One thing is certain: Jordan's announcement was a stunner, and not just in the City of Slumped Shoulders. "A sporting bomb from the U.S.," a TV network in Greece proclaimed, and that it was. Yes, Jordan had issued broad hints over the past few years that his retirement was nigh, even saying on more than one occasion that his Air Jordans would never grace the playing surface at Chicago's new $175 million United Center, which will be the Bulls' home arena beginning with the 1994-95 season. But no one was fully prepared to grasp the thought that the 30-year-old Jordan would not rise to the challenge of winning a fourth straight NBA championship or add to his seven consecutive scoring titles (a record he shares with Wilt Chamberlain). Jordan had been out of contact with Bull officials over the summer, but that was not unusual—he always went his own way until the last moment, then came to training camp and picked up right where he had left off, which meant whipping everyone's tail in camp, in the exhibition season, in the regular season and, finally, in the postseason.
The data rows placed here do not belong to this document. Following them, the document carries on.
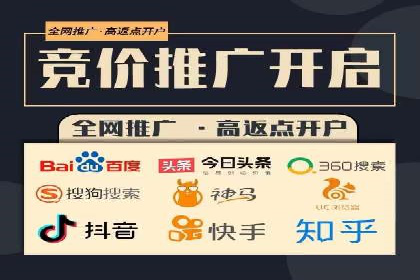 SEM百度竞价案例：如何实现多渠道营销整合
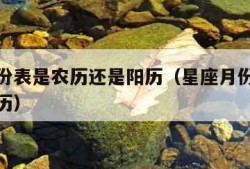 星座月份表是农历还是阳历（星座月份表阴历还是阳历）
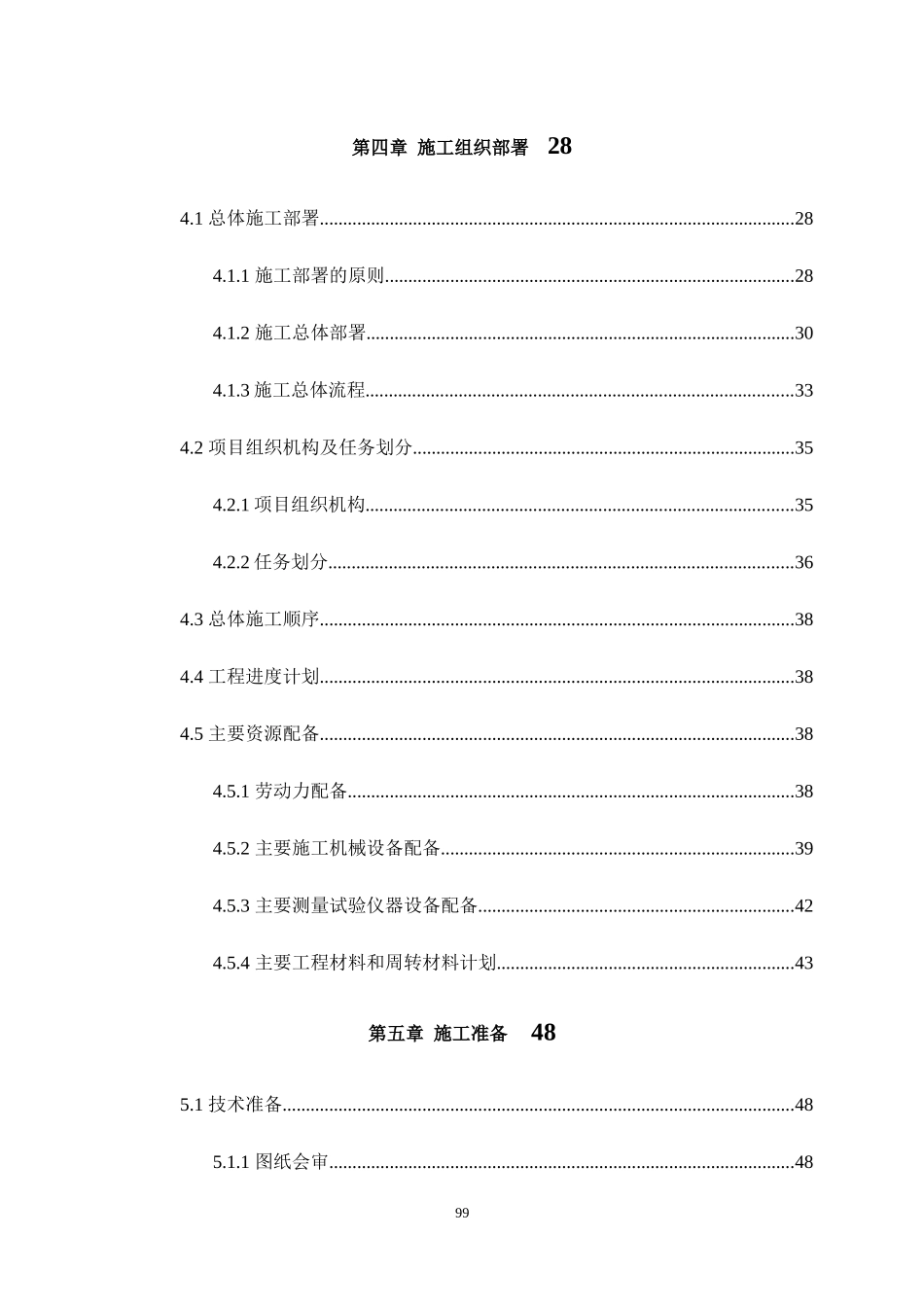 中国国家博物馆改扩建工程施工组织设计_第3页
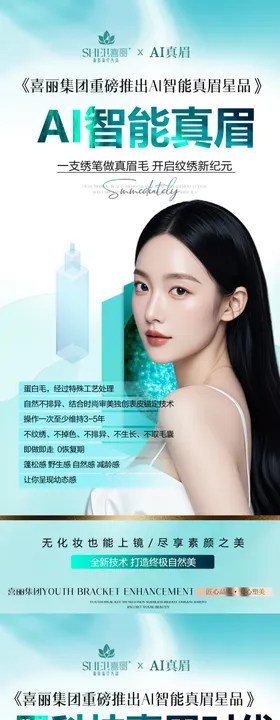 医美眉毛海报 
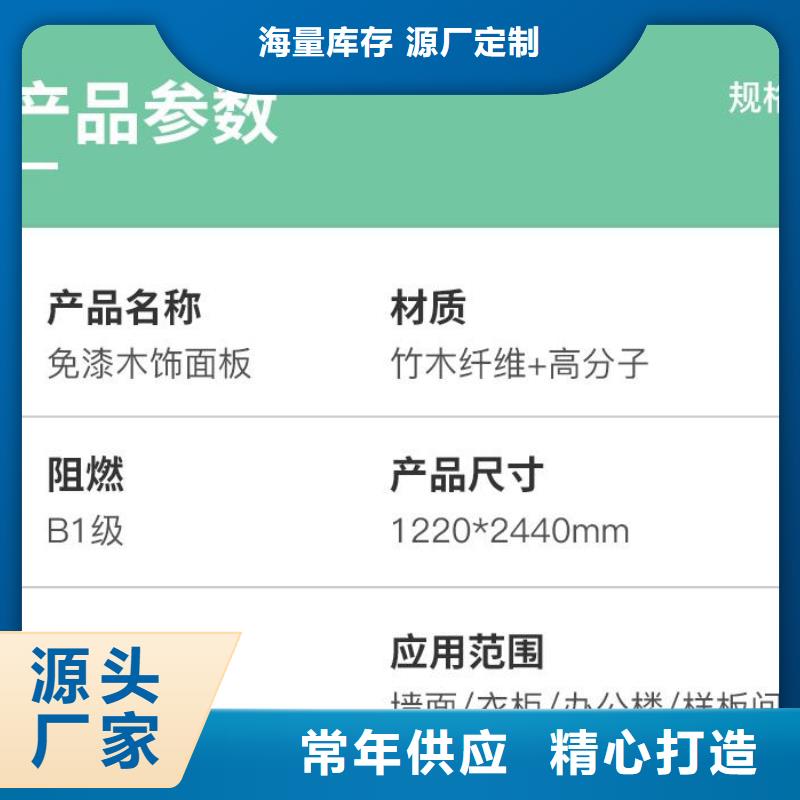 支持定制的PET金屬木飾面生產廠家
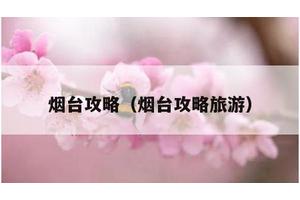 烟台攻略（烟台攻略旅游）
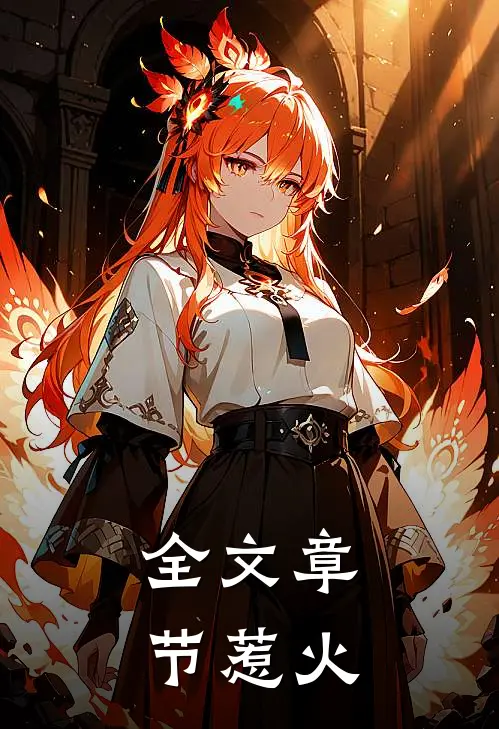 全文章节惹火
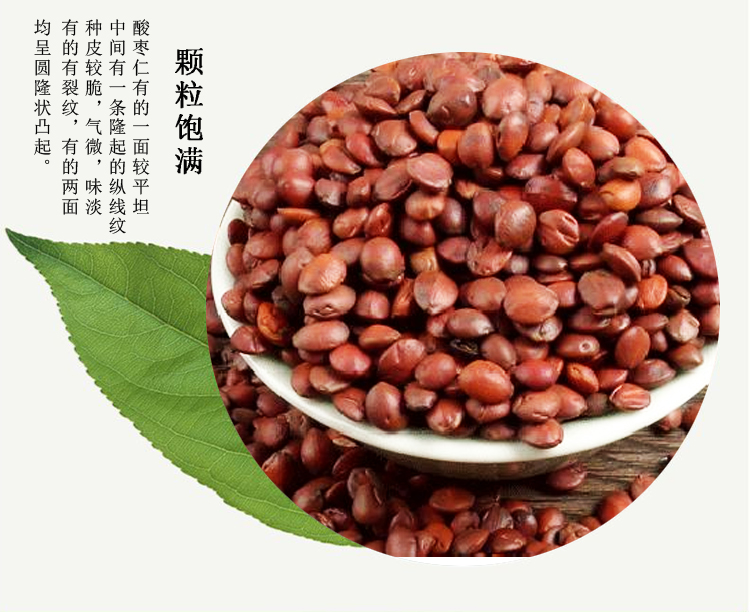 棗仁行情深度解析，市場(chǎng)走勢(shì)、產(chǎn)業(yè)現(xiàn)狀與未來(lái)前景展望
Jordan left the door open to return, but only a crack; his attorney, David Falk, said Jordan's hedging at the press conference on calling his retirement permanent was done at Falk's request. Jordan claims he will stay busy playing golf, spending time with his family, playing golf, getting more involved with the various corporations he represents and playing golf.

It is true, though, that Jordan and Nike chairman Phil Knight have been talking about the possibility of jointly buying a team in Europe, on which the best player would be a certain globally recognized superstar wearing number 23. The exposure in Europe could only help Nike, whose stock has fallen from $90.25 last Nov. 24 to $45 last week. As for Jordan, there are some great courses over there.

However, logic suggests that European basketball would not be intense enough to sate Jordan's maniacal competitiveness. Neither will increasing his involvement with companies like Quaker Oats and Wilson, the sort of work that Jordan, in contrast to Magic Johnson, has never cared for. As for his remark that he might sit around watching the grass grow and even cut it from time to time, well, that matches no known portrait of Michael Jeffrey Jordan, he of the boundless energy and endless thirst for victory, who could play 36 holes, sleep three hours, then go out and score 50 on anyone.

But it is undeniable that Jordan needed to get away. The Bulls' third straight championship proved, beyond a doubt, his preeminence as an NBA player. Even Magic, with a better "supporting cast" (to use a favorite Jordan phrase), never won three in a row. Nor did Larry Bird, who played with two teammates—Robert Parish and Kevin McHale—who are locks for the Hall of Fame. What was left to prove? Jordan's greatest achievement was that, game after game, season after season, he was actually better than his hype. Shaquille O'Neal is about to find out how hard it is to pull that off.

And then there was the fishbowl existence that Jordan endured off the court. His multitude of public relations entanglements—criticism from the black community for his refusal to be outspoken on political and social issues; reports in author Sam Smith's best-selling 1991 book, The Jordan Rules, that he was aloof and highly critical of his teammates; the gambling allegations—had worn him down. Though he made a point of telling the media that "you did not drive me out of the game," it was clear that, in fact, the Fourth Estate had played a part in his departure. Jordan's media-bashing at the press conference was heavy-handed at times and, to those reporters who had known him a long time, somewhat sad.

While it is true that Jordan took some uncalled-for shots over the last few seasons, he seems to have forgotten that most reporters had been eminently fair with him and that some had all but groveled in his presence. The media became to Jordan, as they do to many lesser athletes, a nebulous "you guys," a phrase he used 21 times at his farewell press conference. As Jordan's anger and resentment grew at the erosion of his public image over the last few years, he pulled away from the media and, gradually, closed his circle around him. Jordan never became completely paranoid, but he did seem to think that someone was chasing him.